What a LinkedIn company page audit covers
The audit examines five areas. Content performance: which posts over- and underperform the page's average, with patterns in topic, format, and timing that explain the variance. Engagement quality: the ratio of comments to reactions, and what that reveals. A post with 200 likes and zero comments signals passive consumption. A post with 40 likes and 25 comments signals active interest. The audit distinguishes between the two. Comment sentiment: what people actually say in responses, organized by theme, including questions the brand doesn't answer, requests for content the brand doesn't create, and complaints or praise that reveal audience priorities. Posting consistency: frequency patterns, gaps, and whether cadence correlates with engagement trends. Format usage: which formats the page uses and which it doesn't, compared to what drives engagement for similar company sizes and industries. The report ends with a prioritized action plan ranked by expected impact.

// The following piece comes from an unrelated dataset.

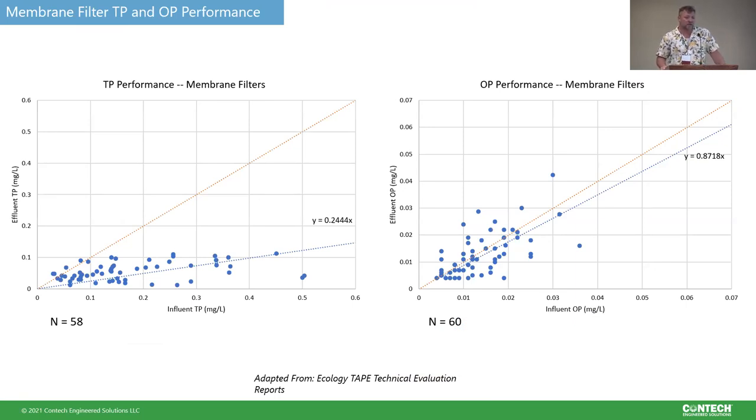Looking at the membrane filters — inert filters with no sorption capacity — with effluent versus influent, the total phosphorus performance from those three different systems is pretty good, around 75% removal with a good spread of data. Looking at ortho-P, it's not so good — but we expected that, since these systems don't target dissolved phase. The concentrations are already pretty low, and it's hard to remove a high percentage of a number that's already low, so more data is needed. But it lines up with our expectations.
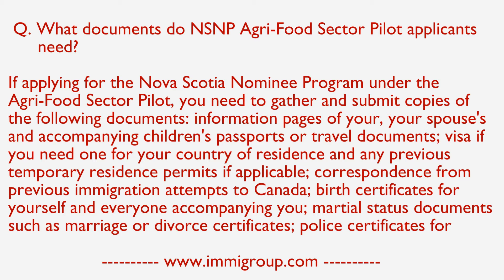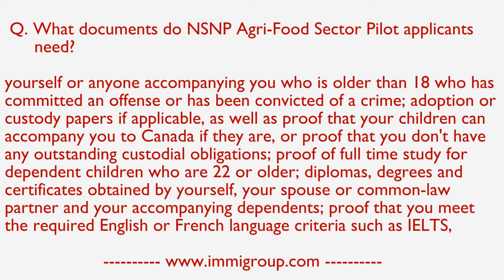Correspondence from previous immigration attempts to Canada. Birth certificates for yourself and everyone accompanying you. Marital status documents, such as marriage or divorce certificates. Police certificates for yourself or anyone accompanying you who is older than 18,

Why comment quality matters more than reaction count on LinkedIn
Reactions on LinkedIn are low-effort signals. A like takes one click and often comes from a scroll-through, not genuine engagement. Comments take time and thought, especially on a professional platform where responses are attached to a person's real identity and visible to their network. A company page with high comment rates is generating conversation. A page with high reaction counts and low comments is generating impressions without engagement. The audit separates these signals because they point to different content strategies: reaction-heavy pages need to provoke more discussion, while comment-heavy pages are already earning attention and may need to convert that into action.